## DIRECTIONS FOR THIS TASK:
Could you return all of the records exactly, minus their images?

## RECORDED DATA:
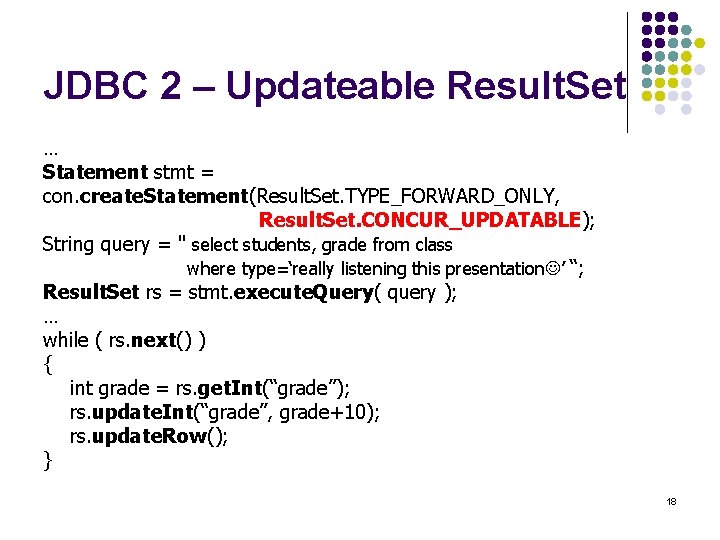 JDBC 2 – Updateable Result. Set … Statement stmt = con. create. Statement(Result. Set.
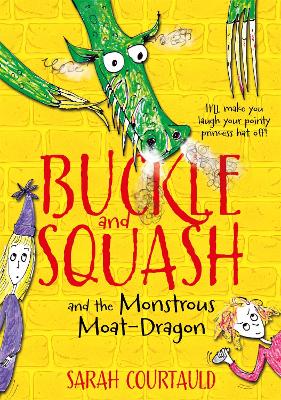 Buckle and Squash and the Monstrous Moat-Dragon - 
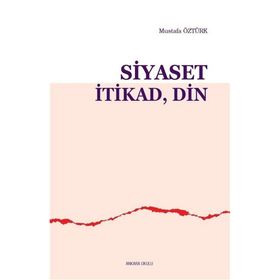 Siyaset İtikad Din - Mustafa Öztürk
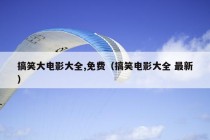 搞笑大电影大全,免费（搞笑电影大全 最新）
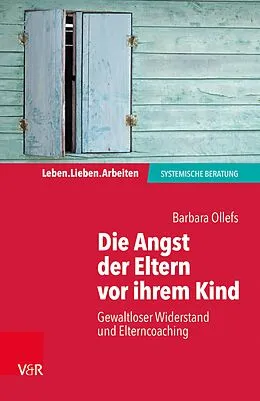 E-Book (epub) Die Angst der Eltern vor ihrem Kind von Barbara Ollefs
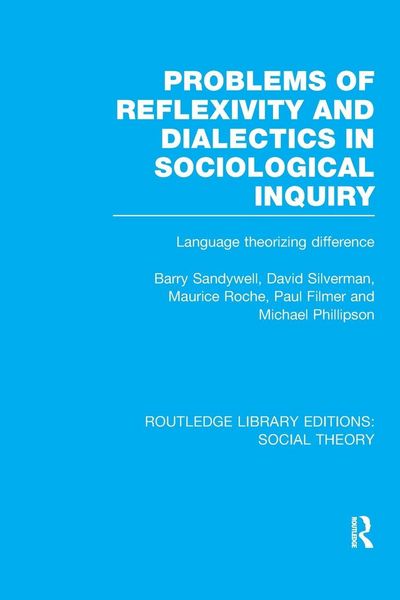 Produktbild: Problems of Reflexivity and Dialectics in Sociological Inquiry (RLE Social Theory)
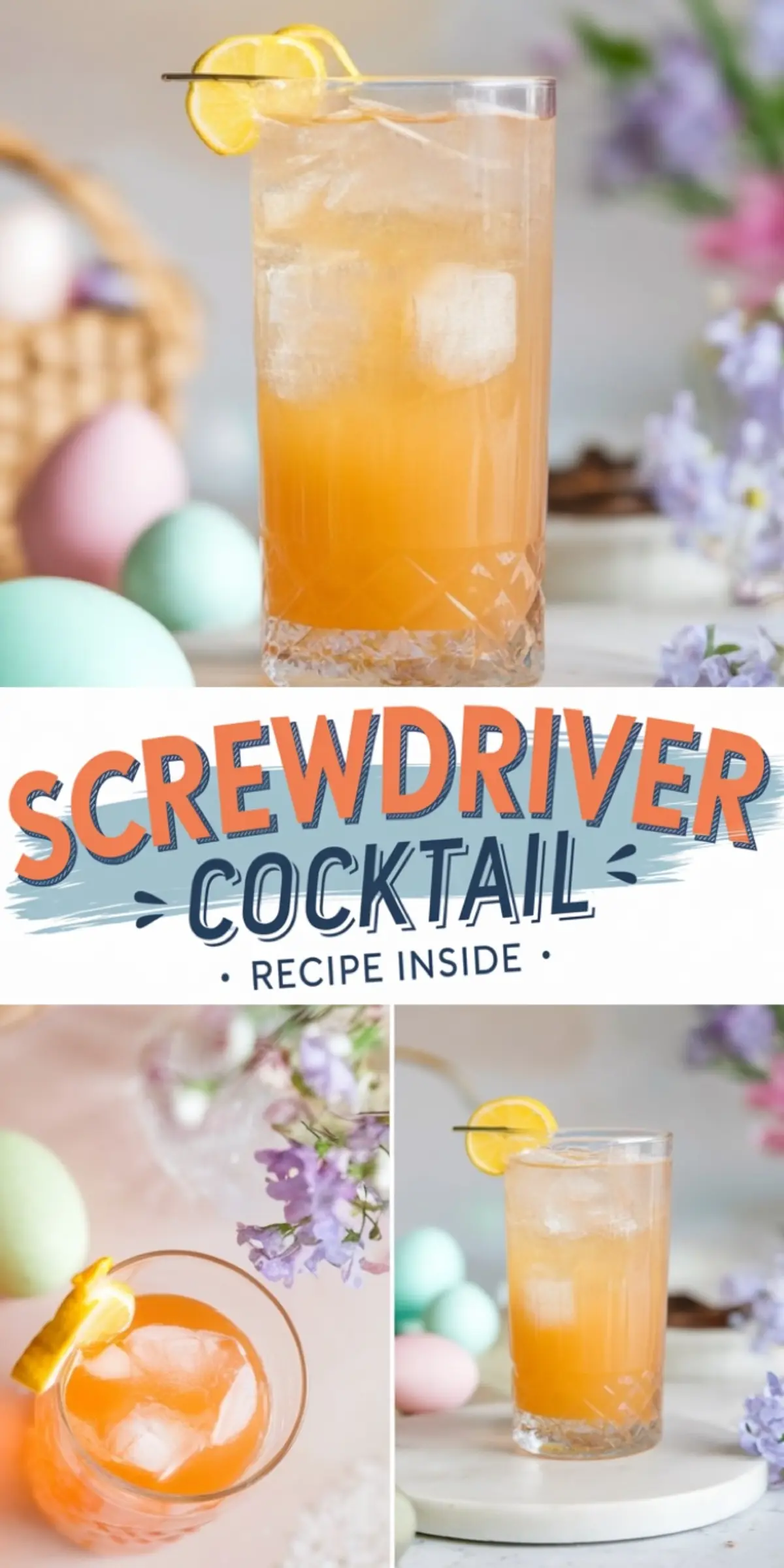 Collage image showcasing a screwdriver cocktail served in a tall glass with ice cubes and a lemon twist on a cocktail pick. The vibrant orange drink is surrounded by pastel eggs and blooming purple flowers. The text “Screwdriver Cocktail - Recipe Inside” adds a playful, seasonal touch.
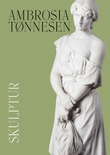 "Ambrosia Tønnesen - skulptur" av Jorunn Veiteberg
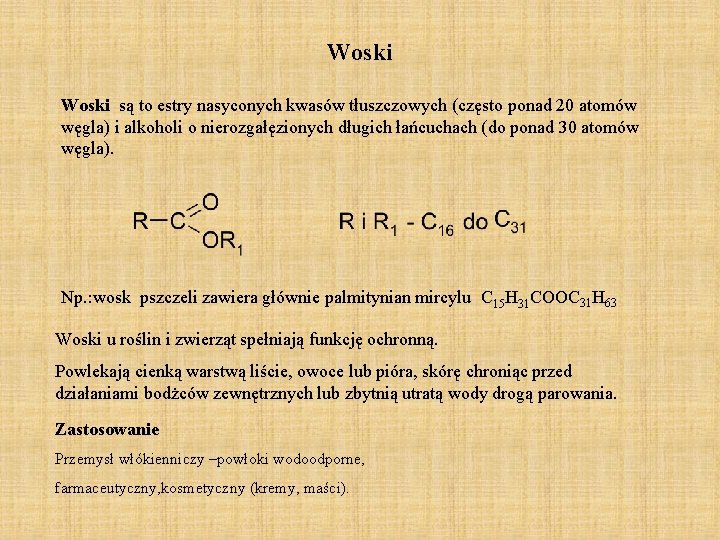 Woski są to estry nasyconych kwasów tłuszczowych (często ponad 20 atomów węgla) i alkoholi Woski są to estry nasyconych kwasów tłuszczowych (często ponad 20 atomów węgla) i alkoholi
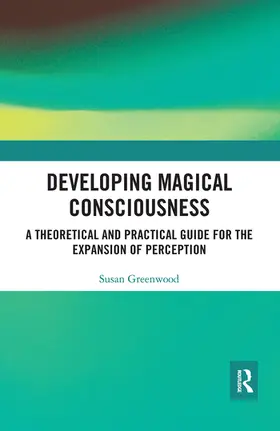 Greenwood |  Developing Magical Consciousness | Buch |  Sack Fachmedien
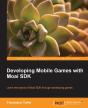 Developing Mobile Games With Moai Sdk - Preview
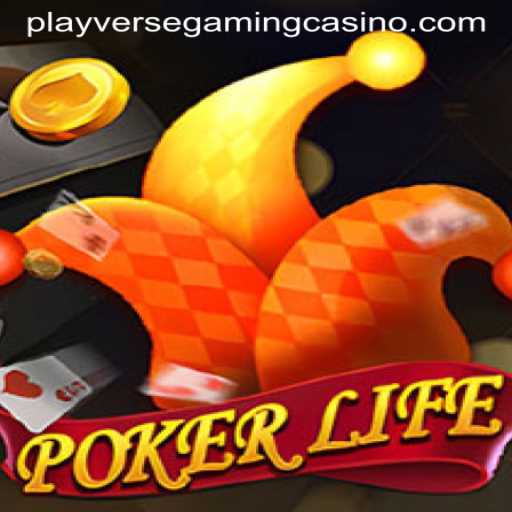 Dive into PokerLife: A New Era of Card Gaming with PlayverseGaming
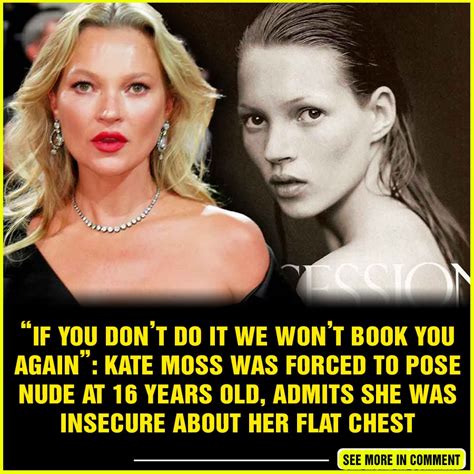 If You Dont Do It We Wont Book You Again Kate Moss Was Forced To Pose Nude At Years Old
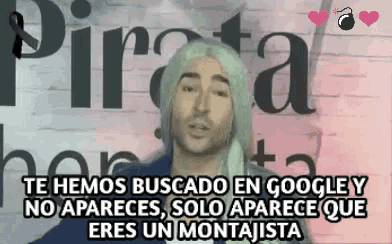 a man in a wig says te hemos buscado en google y no pareces solo aparece que eres un montajista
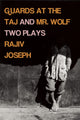 Book cover of: Guards at the Taj and Mr. Wolf. By: Rajiv Joseph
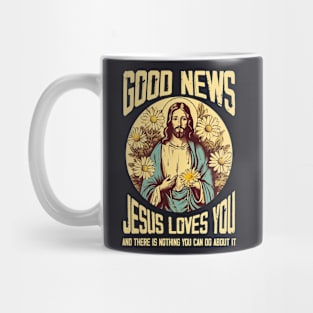 good news jesus loves you Mug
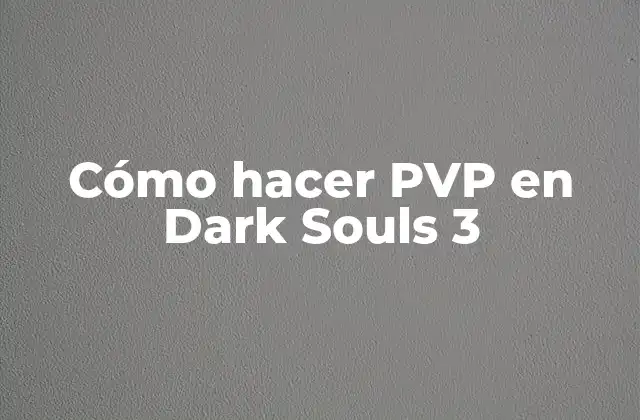 Cómo Hacer Pvp en Dark Souls 3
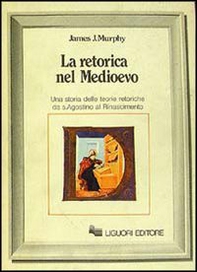 La retorica nel Medioevo - Librerie.coop La retorica nel Medioevo - Librerie.coop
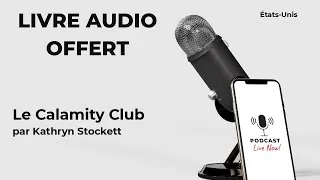 Miniature : Le Calamity Club de Kathryn Stockett - Livre Audio Gratuit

## OUTPUT BELOW:
 JDBC 2 – Updateable Result. Set … Statement stmt = con. create. Statement(Result. Set.
 Buckle and Squash and the Monstrous Moat-Dragon - 
 Siyaset İtikad Din - Mustafa Öztürk
 搞笑大电影大全,免费（搞笑电影大全 最新）
 E-Book (epub) Die Angst der Eltern vor ihrem Kind von Barbara Ollefs
 Produktbild: Problems of Reflexivity and Dialectics in Sociological Inquiry (RLE Social Theory)
 Collage image showcasing a screwdriver cocktail served in a tall glass with ice cubes and a lemon twist on a cocktail pick. The vibrant orange drink is surrounded by pastel eggs and blooming purple flowers. The text “Screwdriver Cocktail - Recipe Inside” adds a playful, seasonal touch.
 "Ambrosia Tønnesen - skulptur" av Jorunn Veiteberg
 Woski są to estry nasyconych kwasów tłuszczowych (często ponad 20 atomów węgla) i alkoholi Woski są to estry nasyconych kwasów tłuszczowych (często ponad 20 atomów węgla) i alkoholi
 Greenwood |  Developing Magical Consciousness | Buch |  Sack Fachmedien
 Developing Mobile Games With Moai Sdk - Preview
 Dive into PokerLife: A New Era of Card Gaming with PlayverseGaming
 If You Dont Do It We Wont Book You Again Kate Moss Was Forced To Pose Nude At Years Old
 a man in a wig says te hemos buscado en google y no pareces solo aparece que eres un montajista
 Book cover of: Guards at the Taj and Mr. Wolf. By: Rajiv Joseph
 good news jesus loves you Mug
 Cómo Hacer Pvp en Dark Souls 3
 La retorica nel Medioevo - Librerie.coop La retorica nel Medioevo - Librerie.coop
 Miniature : Le Calamity Club de Kathryn Stockett - Livre Audio Gratuit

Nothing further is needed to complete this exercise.